**What you have to do**
Only reproduce the lines from the line containing "skirt: @asknowas_olaca" onward, exactly, through the final line of the data below.

**Stored data**
_ _ _
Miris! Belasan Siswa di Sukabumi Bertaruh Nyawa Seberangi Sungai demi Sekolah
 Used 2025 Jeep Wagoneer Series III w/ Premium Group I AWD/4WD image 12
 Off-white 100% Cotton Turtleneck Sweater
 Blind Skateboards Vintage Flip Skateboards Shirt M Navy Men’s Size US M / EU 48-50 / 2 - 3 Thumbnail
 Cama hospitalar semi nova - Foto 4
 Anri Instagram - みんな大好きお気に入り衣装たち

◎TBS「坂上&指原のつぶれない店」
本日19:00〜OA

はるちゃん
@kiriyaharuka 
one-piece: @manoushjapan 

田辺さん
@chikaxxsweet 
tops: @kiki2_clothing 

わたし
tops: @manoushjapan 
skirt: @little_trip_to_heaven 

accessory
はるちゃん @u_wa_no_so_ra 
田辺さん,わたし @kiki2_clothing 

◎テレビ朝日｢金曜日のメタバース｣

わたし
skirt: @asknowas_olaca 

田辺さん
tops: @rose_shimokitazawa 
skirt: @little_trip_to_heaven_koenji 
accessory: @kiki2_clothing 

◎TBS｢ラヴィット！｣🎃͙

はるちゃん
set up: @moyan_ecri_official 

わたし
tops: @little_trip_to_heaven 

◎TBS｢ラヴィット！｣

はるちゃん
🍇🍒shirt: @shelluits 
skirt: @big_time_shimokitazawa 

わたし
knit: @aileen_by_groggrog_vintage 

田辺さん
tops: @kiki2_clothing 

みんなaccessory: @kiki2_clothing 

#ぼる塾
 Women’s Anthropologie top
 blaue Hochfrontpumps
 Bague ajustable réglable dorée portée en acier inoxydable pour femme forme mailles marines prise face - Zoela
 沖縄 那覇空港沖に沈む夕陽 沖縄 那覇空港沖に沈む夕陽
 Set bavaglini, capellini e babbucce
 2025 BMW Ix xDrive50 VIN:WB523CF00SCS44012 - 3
_ _ _
**Reply to the task**
skirt: @asknowas_olaca 

田辺さん
tops: @rose_shimokitazawa 
skirt: @little_trip_to_heaven_koenji 
accessory: @kiki2_clothing 

◎TBS｢ラヴィット！｣🎃͙

はるちゃん
set up: @moyan_ecri_official 

わたし
tops: @little_trip_to_heaven 

◎TBS｢ラヴィット！｣

はるちゃん
🍇🍒shirt: @shelluits 
skirt: @big_time_shimokitazawa 

わたし
knit: @aileen_by_groggrog_vintage 

田辺さん
tops: @kiki2_clothing 

みんなaccessory: @kiki2_clothing 

#ぼる塾
 Women’s Anthropologie top
 blaue Hochfrontpumps
 Bague ajustable réglable dorée portée en acier inoxydable pour femme forme mailles marines prise face - Zoela
 沖縄 那覇空港沖に沈む夕陽 沖縄 那覇空港沖に沈む夕陽
 Set bavaglini, capellini e babbucce
 2025 BMW Ix xDrive50 VIN:WB523CF00SCS44012 - 3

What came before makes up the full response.